Aussi l’ouvrage de l’amiral (2S) Alain Denis (membre du Centre d’études prospectives stratégiques) présente le grand mérite, 10 ans après ces tragiques attaques, d’établir un catalogue précis des faits, à la lumière des investigations menées par la commission d’enquête américaine. Écrit d’une plume alerte, le livre retrace en une petite dizaine de chapitres le déroulement des attaques, leur gestion par le pouvoir politique, la manière dont les décisions qui leur ont été consécutives (guerre d’Afghanistan, puis guerre d’Irak) ont été prises. Des précisions bienvenues de vocabulaire sont apportées, montrant par exemple toute l’ambiguïté d’expressions toutes faites, comme celle d’« Arme de destruction massive », induisant une confusion entre la puissance inégalée du feu nucléaire et d’autres types d’armes, certes susceptibles de causer d’importants dégâts mais douées d’une tout autre nature politico-stratégique.

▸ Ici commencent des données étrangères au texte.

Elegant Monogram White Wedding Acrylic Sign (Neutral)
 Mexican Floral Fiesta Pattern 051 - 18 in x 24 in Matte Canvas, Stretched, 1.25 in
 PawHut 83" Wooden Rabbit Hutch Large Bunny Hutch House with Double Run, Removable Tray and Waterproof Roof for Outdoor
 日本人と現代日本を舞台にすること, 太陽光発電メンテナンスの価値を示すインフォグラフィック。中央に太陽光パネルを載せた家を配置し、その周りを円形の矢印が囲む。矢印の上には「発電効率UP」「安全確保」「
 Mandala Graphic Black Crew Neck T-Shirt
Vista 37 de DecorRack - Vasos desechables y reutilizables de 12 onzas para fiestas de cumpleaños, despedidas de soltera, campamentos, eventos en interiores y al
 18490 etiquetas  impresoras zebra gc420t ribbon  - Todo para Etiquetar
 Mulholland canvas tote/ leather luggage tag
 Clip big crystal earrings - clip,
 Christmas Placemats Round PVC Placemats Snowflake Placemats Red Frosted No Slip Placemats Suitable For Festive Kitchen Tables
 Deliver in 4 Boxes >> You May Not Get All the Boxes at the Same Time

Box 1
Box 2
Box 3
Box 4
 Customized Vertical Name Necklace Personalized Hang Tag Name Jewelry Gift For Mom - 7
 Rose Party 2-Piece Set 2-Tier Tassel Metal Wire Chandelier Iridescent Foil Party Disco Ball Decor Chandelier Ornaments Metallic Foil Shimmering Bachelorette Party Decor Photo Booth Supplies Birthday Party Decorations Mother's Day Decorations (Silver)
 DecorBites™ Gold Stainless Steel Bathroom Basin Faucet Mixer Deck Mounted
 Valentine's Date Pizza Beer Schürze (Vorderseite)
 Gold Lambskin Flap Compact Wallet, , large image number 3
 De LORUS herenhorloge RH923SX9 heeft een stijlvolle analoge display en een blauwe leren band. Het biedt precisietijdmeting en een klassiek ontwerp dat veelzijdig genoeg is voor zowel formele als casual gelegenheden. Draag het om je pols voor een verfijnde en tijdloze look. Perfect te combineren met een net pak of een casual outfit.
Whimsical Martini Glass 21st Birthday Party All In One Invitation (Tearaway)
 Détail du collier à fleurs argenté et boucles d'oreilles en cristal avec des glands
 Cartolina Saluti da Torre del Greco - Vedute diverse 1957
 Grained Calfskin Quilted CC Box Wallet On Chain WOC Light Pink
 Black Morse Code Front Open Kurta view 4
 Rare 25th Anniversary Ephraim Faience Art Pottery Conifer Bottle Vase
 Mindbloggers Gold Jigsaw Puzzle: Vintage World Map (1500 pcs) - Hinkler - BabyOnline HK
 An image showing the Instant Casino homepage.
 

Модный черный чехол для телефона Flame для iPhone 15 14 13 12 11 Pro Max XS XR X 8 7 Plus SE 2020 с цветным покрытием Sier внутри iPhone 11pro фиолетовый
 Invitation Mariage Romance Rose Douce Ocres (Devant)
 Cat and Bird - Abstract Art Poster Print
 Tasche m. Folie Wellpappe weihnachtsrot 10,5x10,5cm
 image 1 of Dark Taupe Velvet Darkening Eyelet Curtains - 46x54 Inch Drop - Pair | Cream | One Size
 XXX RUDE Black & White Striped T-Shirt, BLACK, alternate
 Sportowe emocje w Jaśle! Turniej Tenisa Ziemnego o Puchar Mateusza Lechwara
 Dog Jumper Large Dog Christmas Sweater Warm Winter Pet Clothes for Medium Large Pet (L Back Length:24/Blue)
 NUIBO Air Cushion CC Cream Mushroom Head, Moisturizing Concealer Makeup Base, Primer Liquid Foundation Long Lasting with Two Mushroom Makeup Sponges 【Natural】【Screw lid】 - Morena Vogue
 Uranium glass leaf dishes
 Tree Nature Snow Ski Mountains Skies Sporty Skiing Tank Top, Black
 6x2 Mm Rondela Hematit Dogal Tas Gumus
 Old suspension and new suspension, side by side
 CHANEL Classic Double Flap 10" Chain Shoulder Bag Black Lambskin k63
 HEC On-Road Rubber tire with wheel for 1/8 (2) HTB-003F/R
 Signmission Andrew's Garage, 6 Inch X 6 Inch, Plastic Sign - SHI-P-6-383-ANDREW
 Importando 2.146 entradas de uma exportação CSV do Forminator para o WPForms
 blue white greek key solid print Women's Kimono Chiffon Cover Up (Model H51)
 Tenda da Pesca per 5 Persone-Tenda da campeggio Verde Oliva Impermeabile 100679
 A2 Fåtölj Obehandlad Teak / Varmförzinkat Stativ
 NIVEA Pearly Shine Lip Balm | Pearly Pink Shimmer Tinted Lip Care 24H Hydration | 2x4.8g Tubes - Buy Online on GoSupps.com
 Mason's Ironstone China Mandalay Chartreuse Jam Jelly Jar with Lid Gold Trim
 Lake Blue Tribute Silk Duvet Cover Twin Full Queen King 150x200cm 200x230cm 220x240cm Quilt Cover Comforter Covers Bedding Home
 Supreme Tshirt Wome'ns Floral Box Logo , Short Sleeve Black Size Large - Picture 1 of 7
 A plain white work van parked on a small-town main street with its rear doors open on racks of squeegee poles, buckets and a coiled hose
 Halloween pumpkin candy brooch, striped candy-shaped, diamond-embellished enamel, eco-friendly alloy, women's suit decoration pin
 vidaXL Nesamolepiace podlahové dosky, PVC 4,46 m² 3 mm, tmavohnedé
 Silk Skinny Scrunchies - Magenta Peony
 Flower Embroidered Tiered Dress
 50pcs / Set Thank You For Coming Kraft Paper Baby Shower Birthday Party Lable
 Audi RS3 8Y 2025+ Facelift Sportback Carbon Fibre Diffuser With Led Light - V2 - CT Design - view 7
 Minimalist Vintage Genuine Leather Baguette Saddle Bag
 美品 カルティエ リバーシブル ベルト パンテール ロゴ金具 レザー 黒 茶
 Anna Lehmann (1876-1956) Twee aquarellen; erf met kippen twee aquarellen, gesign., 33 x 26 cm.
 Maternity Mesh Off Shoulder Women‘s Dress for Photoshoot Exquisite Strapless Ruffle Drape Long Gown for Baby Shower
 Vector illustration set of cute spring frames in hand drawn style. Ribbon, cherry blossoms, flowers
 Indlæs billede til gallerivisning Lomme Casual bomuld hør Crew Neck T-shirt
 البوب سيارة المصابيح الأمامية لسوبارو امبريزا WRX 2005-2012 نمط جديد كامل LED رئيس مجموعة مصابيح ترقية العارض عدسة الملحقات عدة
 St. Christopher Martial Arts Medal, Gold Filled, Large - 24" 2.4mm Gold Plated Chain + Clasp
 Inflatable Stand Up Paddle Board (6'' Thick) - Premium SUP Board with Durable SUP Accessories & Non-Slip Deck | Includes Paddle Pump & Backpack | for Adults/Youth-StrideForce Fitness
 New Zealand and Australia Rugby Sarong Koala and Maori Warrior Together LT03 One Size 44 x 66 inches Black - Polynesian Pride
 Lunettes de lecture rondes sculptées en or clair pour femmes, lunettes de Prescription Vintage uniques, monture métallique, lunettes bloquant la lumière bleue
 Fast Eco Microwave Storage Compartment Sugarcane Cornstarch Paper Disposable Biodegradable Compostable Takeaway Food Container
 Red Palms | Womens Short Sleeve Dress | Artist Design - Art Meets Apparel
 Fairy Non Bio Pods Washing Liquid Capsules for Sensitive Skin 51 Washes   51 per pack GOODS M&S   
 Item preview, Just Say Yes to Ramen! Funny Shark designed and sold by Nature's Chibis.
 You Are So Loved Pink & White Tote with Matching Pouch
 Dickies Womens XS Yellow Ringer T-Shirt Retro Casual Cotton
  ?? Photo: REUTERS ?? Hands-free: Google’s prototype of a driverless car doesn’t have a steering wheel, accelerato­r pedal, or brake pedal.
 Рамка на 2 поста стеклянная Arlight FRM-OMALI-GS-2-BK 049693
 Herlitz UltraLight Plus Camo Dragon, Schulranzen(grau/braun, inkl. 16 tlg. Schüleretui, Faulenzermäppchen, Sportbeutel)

Suit alors un ensemble de chapitres plus analytiques où l’auteur présente, avec une constance qui l’honore, sa vision personnelle de l’échiquier international, son appréciation sur la légitimité de la guerre d’Irak, ainsi que sa critique de l’attitude de la France lors de cette guerre pourtant décidée par Washington sur un mode unilatéral et sans l’aval initial du Conseil de sécurité des Nations unies.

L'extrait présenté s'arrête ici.